The origin server refers to the main computer that stores and runs the original version of your application code. When an origin server receives a request, it does some computation before sending a response. The result of this computation work can be moved to a CDN (Content Delivery Network).

Content Delivery Network

CDNs store static content (such as HTML and image files) in multiple locations around the world and are placed between the client and the origin server. When a new request comes in, the closest CDN location to the user can respond with the cached result.

The Edge

Edge servers are distributed to multiple locations around the world. Unlike CDNs, which store static content, Edge servers can run small snippets of code. Edge computing supports not only transmitting cached data but other types of computing like live streaming and gaming.

The pages folder

In Next.js, a page is a

1. React Component. A React Component is a function that returns a UI element and can receive props as input.
2. exported from a .js, .jsx, .ts, or .tsx file and
3. it must be in the pages directory.

Each page is associated with a route based on its file name.

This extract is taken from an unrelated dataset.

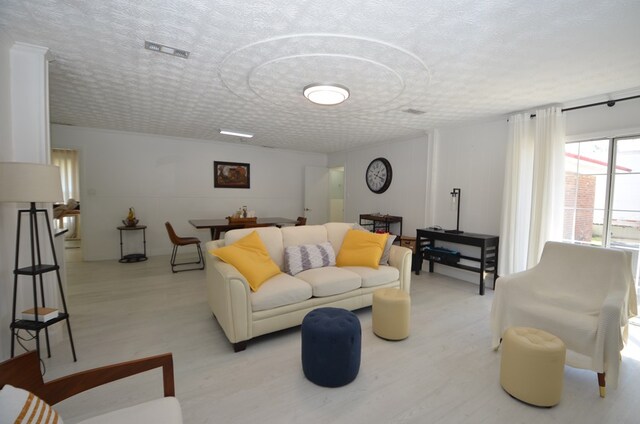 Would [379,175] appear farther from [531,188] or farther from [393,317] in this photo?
[393,317]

The index.js file is the main page / for the app.

Pages can also be added under src/pages as an alternative to the root pages directory.

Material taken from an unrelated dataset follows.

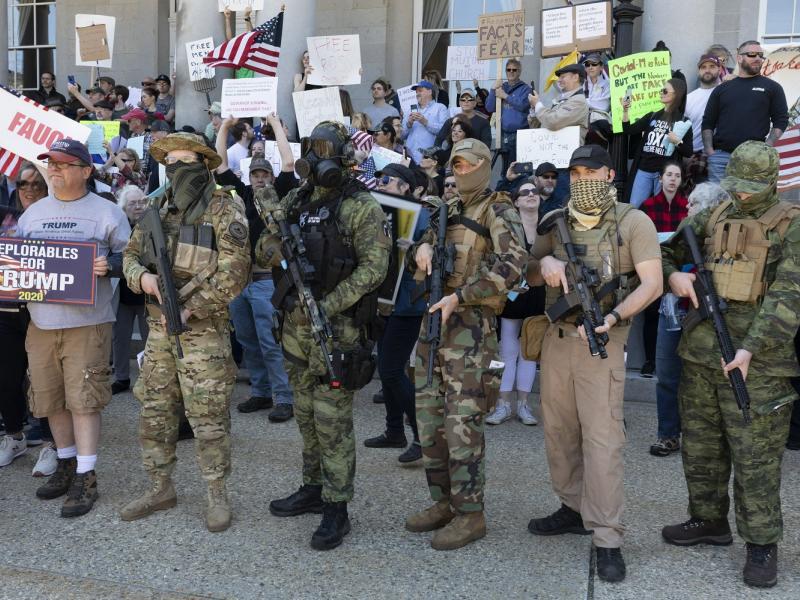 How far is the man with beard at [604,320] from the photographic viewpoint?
12.6 ft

The src directory is very common in many apps and Next.js supports it by default.

Example: If you create pages/about.js that exports a React component like below, it will be accessible at /about.

export default function About() {
  return <div>About</div>
}

References

See https://nextjs.org/docs/basic-features/pages (opens new window)

The pages folder: Dynamic routes

Next.js also supports pages with dynamic routes (opens new window). For example, if you create a file called pages/posts/[id].js, then it will be accessible at posts/1, posts/2, etc.

See the full code of the examples used in this section in the repo ULL-MII-SYTWS/nextjs-dynamic-routes (opens new window)

➜  nextjs-dynamic-routes tree -I node_modules
.
├── README.md
├── package-lock.json
├── package.json
└── pages
    ├── index.jsx
    └── post
        ├── [pid]
        │   └── [comment].js
        └── [pid].js

Consider the following page pages/post/[pid].js:

import { useRouter } from 'next/router'

const Post = () => {
  const router = useRouter()
  console.log(router.query)
  const { pid } = router.query
  return <p>Post: {pid}</p>
}

export default Post

Any route like /post/1, /post/abc, etc. will be matched by pages /post/[pid].js. The matched path parameter will be sent as a query parameter to the page, and it will be merged with the other query parameters.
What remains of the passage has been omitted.